§ **What is needed**: Starting at the line that contains "Suggestivo mercatino di", copy every line through the end of the records below exactly as written, leaving out pictures.

[Stored items from a collection]
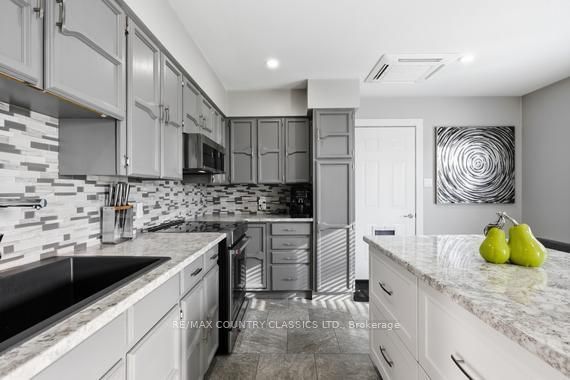 158 Bridge Street W Property Photo 8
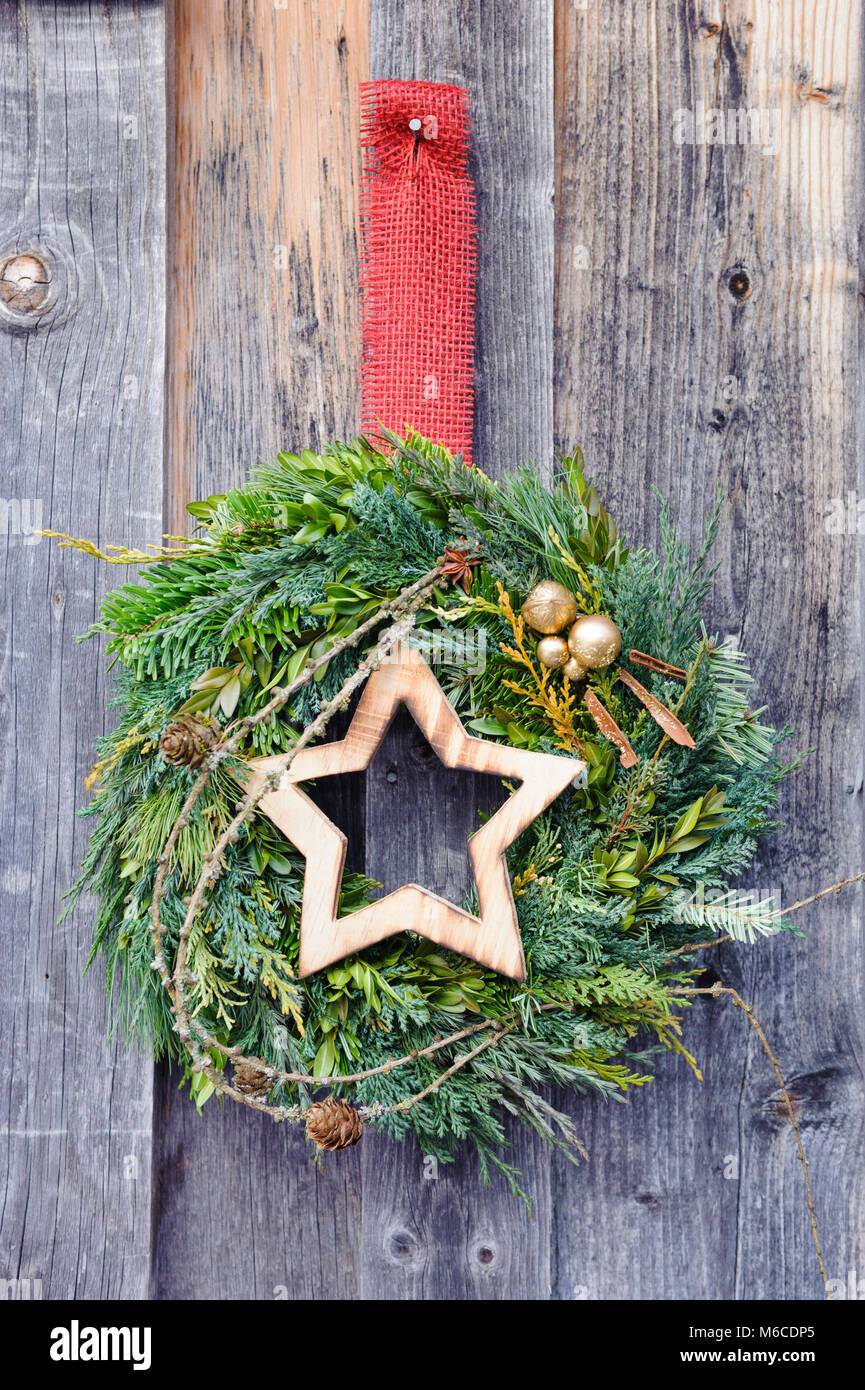 Suggestivo mercatino di natale in Baviera con decorazione a capanne di legno Foto Stock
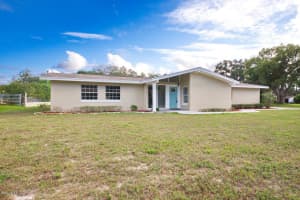 7 Fairglen Drive, Titusville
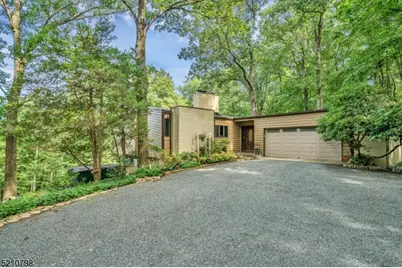 244 W Valley Brook Rd, Washington Township, NJ 07853 - Photo 1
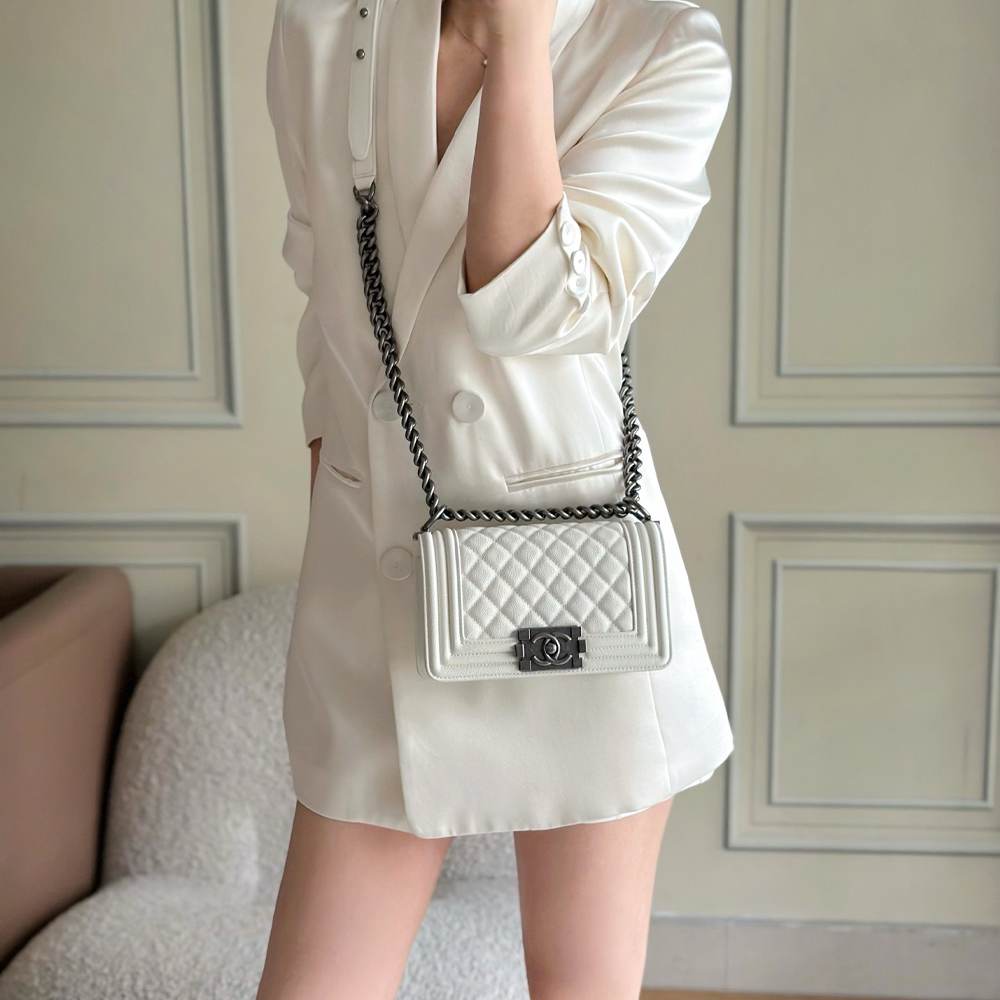Ch**el Small BOY Ch**el Handbag(HIGH-END GRADE)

§ **Output**:
 Suggestivo mercatino di natale in Baviera con decorazione a capanne di legno Foto Stock
 7 Fairglen Drive, Titusville
 244 W Valley Brook Rd, Washington Township, NJ 07853 - Photo 1
Ch**el Small BOY Ch**el Handbag(HIGH-END GRADE)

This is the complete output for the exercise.